Today NASA released the image above, which shows a bunch of ice breaking up in the Beaufort sea, several weeks earlier than it should be. Also today, the European Space Agency dropped a sick GIF of a 958-square kilometre chunk of Antarctica cracking and heaving into the ocean.
Here, check it out:
Image: ESA
The Arctic is coming off the tail-end of a sweltering winter, so it’s no great surprise to see ephemeral sea ice breaking up early. (Also this week, a warm high pressure blob descended over Greenland, sparking widespread ice sheet melting several months earlier than normal.)
Meanwhile, the breakup of the Nansen ice shelf on Antarctica has been coming since the turn of the century.
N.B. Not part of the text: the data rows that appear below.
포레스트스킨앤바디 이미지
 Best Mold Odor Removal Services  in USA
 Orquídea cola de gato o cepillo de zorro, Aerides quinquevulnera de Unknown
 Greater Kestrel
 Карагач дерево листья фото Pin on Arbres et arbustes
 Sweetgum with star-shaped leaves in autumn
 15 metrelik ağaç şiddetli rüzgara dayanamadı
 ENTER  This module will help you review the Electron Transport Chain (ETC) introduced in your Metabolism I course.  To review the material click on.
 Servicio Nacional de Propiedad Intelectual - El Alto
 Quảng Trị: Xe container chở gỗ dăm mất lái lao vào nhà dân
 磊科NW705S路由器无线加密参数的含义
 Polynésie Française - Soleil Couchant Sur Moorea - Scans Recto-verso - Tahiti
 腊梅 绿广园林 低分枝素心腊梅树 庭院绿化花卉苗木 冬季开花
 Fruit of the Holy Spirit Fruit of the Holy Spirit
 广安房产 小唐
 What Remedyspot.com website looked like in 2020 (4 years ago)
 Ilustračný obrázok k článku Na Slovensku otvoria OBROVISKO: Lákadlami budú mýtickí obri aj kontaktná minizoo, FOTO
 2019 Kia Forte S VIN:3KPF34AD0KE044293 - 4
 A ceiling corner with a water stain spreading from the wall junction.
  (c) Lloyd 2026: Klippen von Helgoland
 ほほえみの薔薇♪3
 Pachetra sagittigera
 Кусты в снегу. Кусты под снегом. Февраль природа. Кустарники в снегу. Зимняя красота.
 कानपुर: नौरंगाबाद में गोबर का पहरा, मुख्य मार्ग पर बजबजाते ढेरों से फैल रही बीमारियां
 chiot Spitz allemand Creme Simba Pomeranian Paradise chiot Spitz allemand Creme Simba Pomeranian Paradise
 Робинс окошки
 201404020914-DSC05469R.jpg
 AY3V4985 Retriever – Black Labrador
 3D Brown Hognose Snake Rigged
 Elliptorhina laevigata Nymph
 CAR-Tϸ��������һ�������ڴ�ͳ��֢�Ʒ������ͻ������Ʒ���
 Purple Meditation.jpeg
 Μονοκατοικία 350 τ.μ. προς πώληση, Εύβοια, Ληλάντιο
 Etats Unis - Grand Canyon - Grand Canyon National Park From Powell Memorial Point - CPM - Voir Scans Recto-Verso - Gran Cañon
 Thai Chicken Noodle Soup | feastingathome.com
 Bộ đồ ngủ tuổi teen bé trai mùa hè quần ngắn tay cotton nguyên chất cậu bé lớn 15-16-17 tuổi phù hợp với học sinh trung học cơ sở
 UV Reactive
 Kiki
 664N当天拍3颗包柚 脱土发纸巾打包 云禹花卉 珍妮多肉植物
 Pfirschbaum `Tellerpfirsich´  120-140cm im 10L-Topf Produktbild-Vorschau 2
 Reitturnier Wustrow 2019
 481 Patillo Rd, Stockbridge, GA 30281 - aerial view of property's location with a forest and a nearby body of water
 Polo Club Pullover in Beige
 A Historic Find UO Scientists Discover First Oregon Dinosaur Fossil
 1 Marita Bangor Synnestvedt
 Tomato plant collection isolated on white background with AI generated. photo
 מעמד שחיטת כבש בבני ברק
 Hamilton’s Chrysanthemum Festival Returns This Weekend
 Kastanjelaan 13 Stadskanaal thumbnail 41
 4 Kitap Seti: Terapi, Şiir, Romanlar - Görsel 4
Scientists noted the first signs of a long fracture during a field campaign in 1999. By early March, it was clear that the ice front was hanging on by a thread. It was only a matter of time before it ripped, and it did, on April 7. According to the European Space Agency, major “calving events” like this occur about once every 30 years.
So there you have it: two bizarre ice sheet upsets, occurring on opposite ends of the world within a week of each other, completely coincidental and not at all related to any sort of long-term planetary trend or human activity or scientific “theory” or what have you.
This just in: March was the hottest month in recorded history.